Sampling Distribution and Confidence Intervals for the Difference between Two Population Proportions

Definition

Independent samples are samples in which there is no correlation between samples.

Ways that independent samples can occur:

  • Random samples are taken separately from two populations, and the same response variable is recorded for each individual.
  • One random sample is taken and a variable is recorded for ecah individual, but then units are categorized as belonging to one population or another (e.g. M/F).
  • Participants randomly assigned to one of two treatment conditions, and the same response variable is recorded for each unit.

Differences

If the response variable is categorical, a researcher might look at the difference between the two population proportions:

$$p_1 - p_2$$

We want to do two things:

  • Estimate this difference using a confidence interval.
  • Do a hypothesis test that the two population proportions are the same.

Example

Have you ever driven a car when you probably had too much alcohol to drive safely?

We want to compare men vs women:

  • \(p_1\): population proportion of men who respond yes
  • \(p_2\): popluation proportion of women who respond yes
  • Want to estimate \(p_1 - p_2\). We have \(\hat{p_1} - \hat{p_2}\)

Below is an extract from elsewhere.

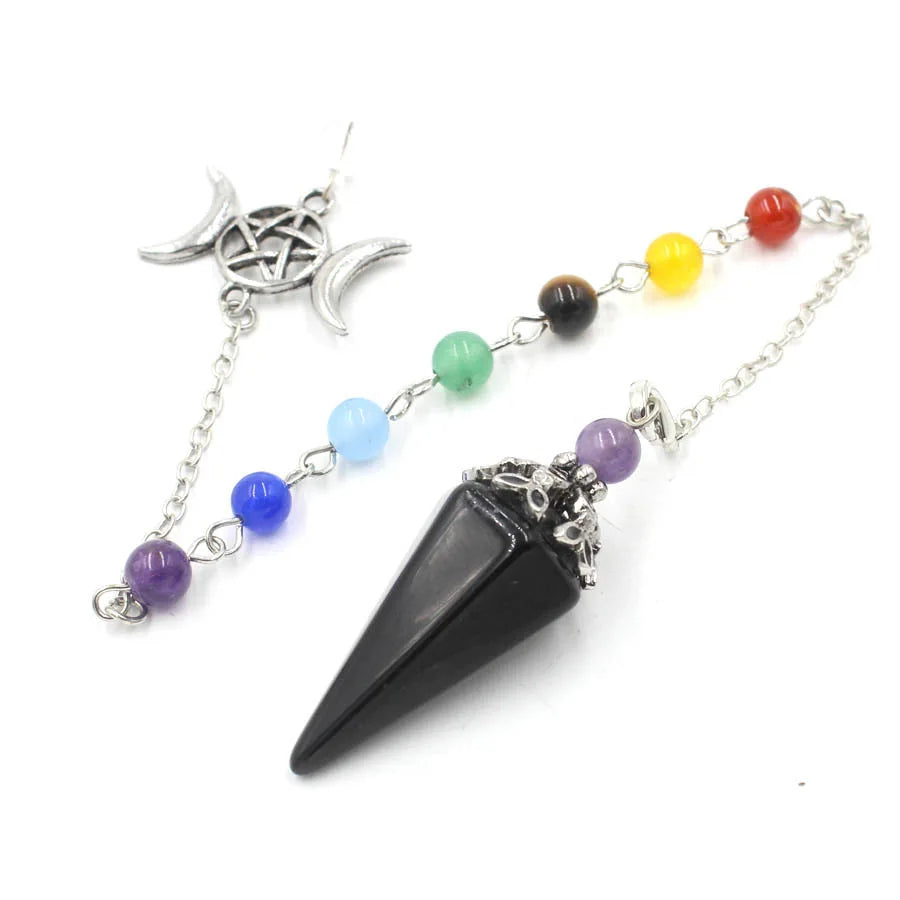 Triple Moon Pentacle Chakra Pendulum by Green Witch Creations featuring a silver pendant with moon and pentacle symbols on a chain.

Remember that the standard deviation of a sample proportion is:

$$\sqrt{\frac{\hat{p}(1-\hat{p})}{n}}$$

Sampling distribution: If two sample proportions are based on independent random samples from the two populations, and if \(np, n(1-p) \geq 10\) for both populations, then:

$$\text{mean}(\hat{p_1} - \hat{p_2}) \approx p_1 - p_2$$

$$\text{s.e.}(\hat{p_1} - \hat{p_2}) \approx \sqrt{\frac{p_1(1-p_1)}{n_1} + \frac{p_2(1-p_2)}{n_2}}$$

$$\hat{p_1} - \hat{p_2} \sim N \left( p_1 - p_2, \sqrt{\frac{p_1(1-p_1)}{n_1} + \frac{p_2(1-p_2)}{n_2}} \right)$$

CI for the Difference in Population Proportions

You just use the sample estimate, z-multiplier, and standard error.

$$(\hat{p_1} - \hat{p_2}) \pm z^* \text{s.e.}(\hat{p_1} - \hat{p_2})$$

Note that this requires independent random samples from the two populations that are large enough (\(np \geq 10\) and \(n(1-p) \geq 10\))

If the value 0 is not contained in the confidence interval, then you can be 95% confident that there is a significant difference (or whatever confidence level you picked for the z-multiplier)!